Pekan depan belum ada rilis signifikan yang bisa menjadi pendongkrak pergerakan Indeks Harga Saham Gabungan atau JHSG. Pelaku pasar menunggu kinerja keuangan emiten kuartal II 2023 yang akan dirilis mulai bulan depan.
Pelaku pasar juga mencermati output domestik, yaitu data jumlah uang beredar periode Mei 2023. Data tersebut juga mencerminkan pertumbuhan kredit, serta jenis konsumsi.

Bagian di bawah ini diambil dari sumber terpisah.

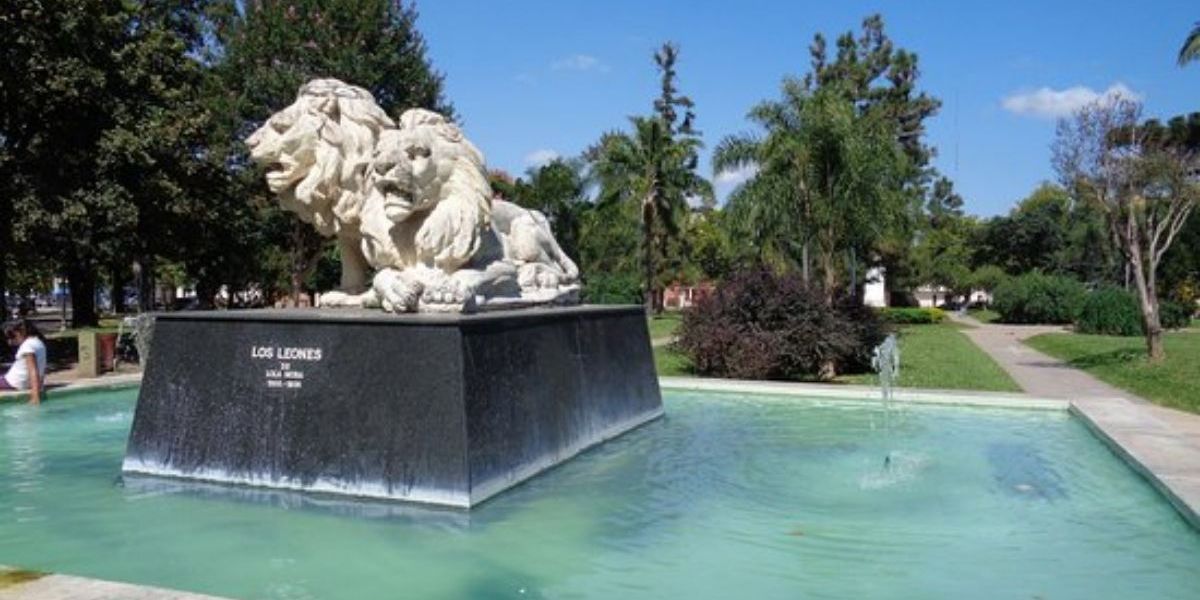 La plaza Hipólito Yrigoyen, en Ciudad de Nieva.&nbsp;
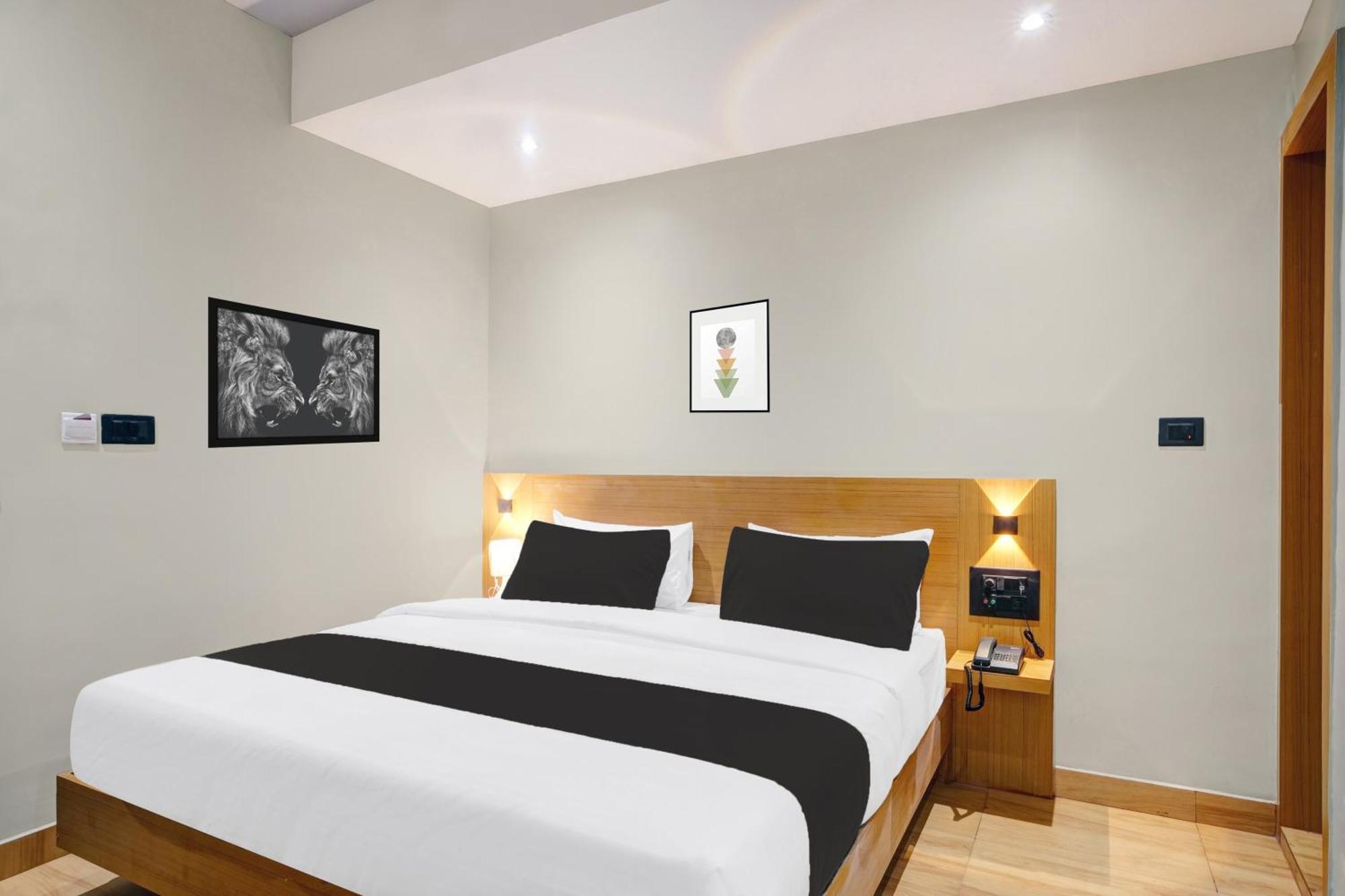 Townhouse Oak Sarusajai Stadium Dispur Екстер'єр фото
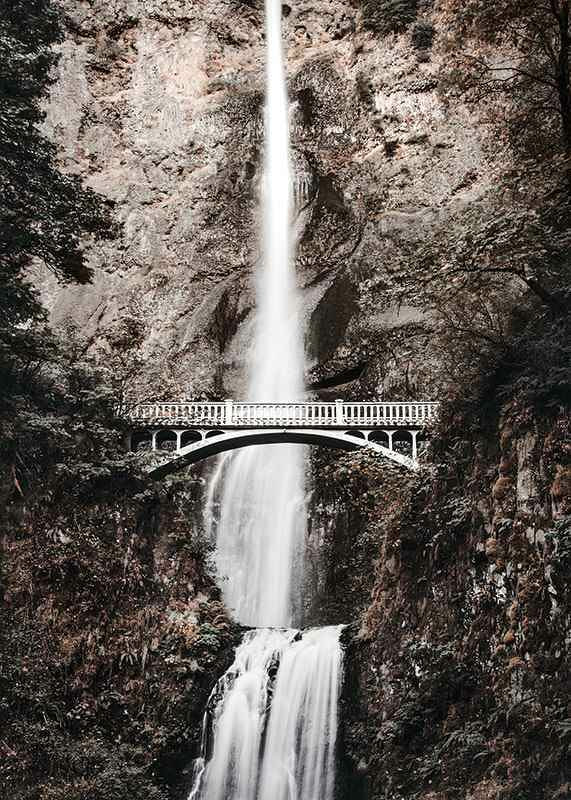 Fotografischer Wasserfall mit weißer Brücke zwischen herbstlich gefärbten Bäumen-12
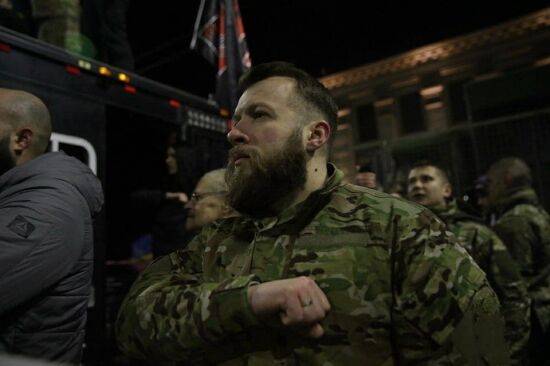 Украинские националисты заявили о готовности захватить Донецк и Луганск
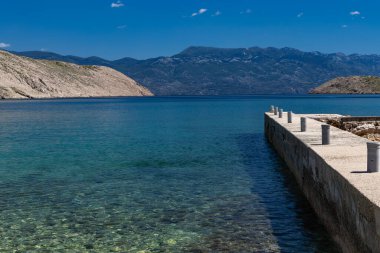 Koyun manzarası, Vela Luka plajı, dağın tepesinden plaj manzarası, resimli beac 'a giden kayalık patika.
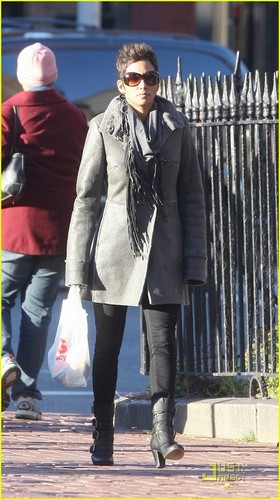  Halle Berry & Olivier Martinez: Smiley Stroll in NYC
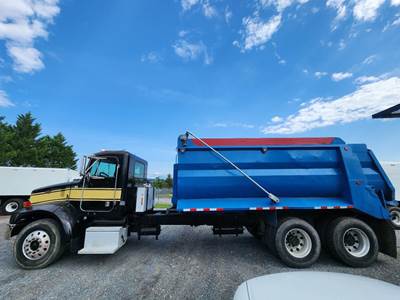 Peterbilt 330 Dump Truck - Cummins 285HP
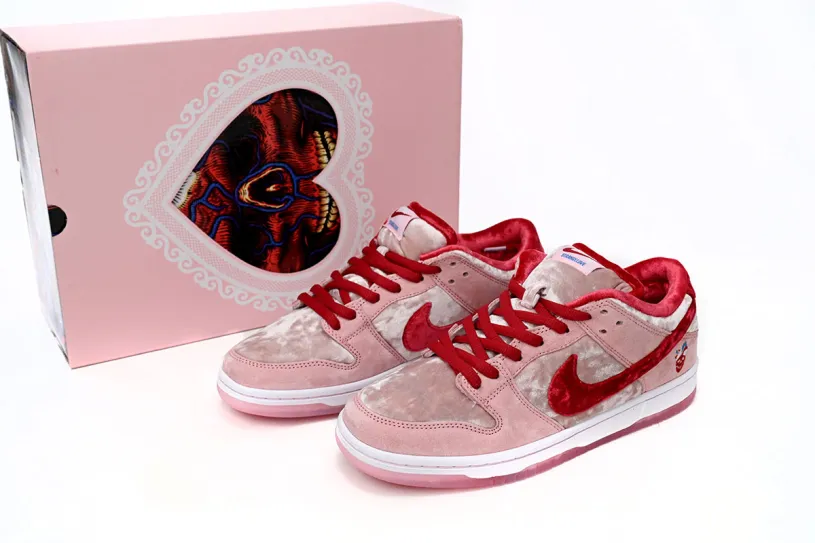 Dunk Low StrangeLove Skateboards (Special Box) CT2552-800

Pakar Keuangan Magical Securities, Ratih Mustikoningsih mengatakan, perdagangan pekan depan yang hanya berlangsung selama dua hari yakni 26-27 Juni 2023 dalam kondisi minim katalis cenderung sepi di pasar.
“IHSG pada perdagangan 26-27 Juni 2023 diproyeksikan bergerak sideways di kisaran 6.610-6.710,” ujarnya dalam keterangan resmi, Minggu (25/6).
Berikut trading plan yang perlu diperhatikan menggunakan technical analysis 26-27 Juni 2023:
(Beli) BRIS di area Rp 1.680 dengan target harga di level resistance Rp 1.750, dan pertimbangkan cut loss jika support tembus di level harga Rp 1.610. (Beli) MAPI di area Rp 1.705 dengan target harga di level resistance Rp 1.780, dan pertimbangkan cut loss jika support tembus di level harga Rp 1.650. (Beli) MDKA di area Rp 3.150 dengan target harga di resistance di level Rp 3.350, dan pertimbangkan cut loss jika support tembus di level harga Rp 3.000.
Pekan lalu, IHK pekan 19-23 Juni 2023 terkoreksi sebesar 0,87%. Pelemahan IHSG sejalan dengan kinerja indeks sektoral. Dimana dalam sepekan semua sektor ditutup di zona merah. Sektor teknologi memimpin penurunan sebesar 4,26%, diikuti sektor kesehatan yang turun 1,60%.
Di pasar ekuitas domestik, asing melakukan penjualan bersih di seluruh pasar sebesar Rp 1,73 triliun. Volume transaksi pada pekan ini juga menurun dengan rata-rata harian Rp8,29 triliun dibandingkan pekan sebelumnya 12-16 Juni 2023 sebesar Rp9,94 triliun.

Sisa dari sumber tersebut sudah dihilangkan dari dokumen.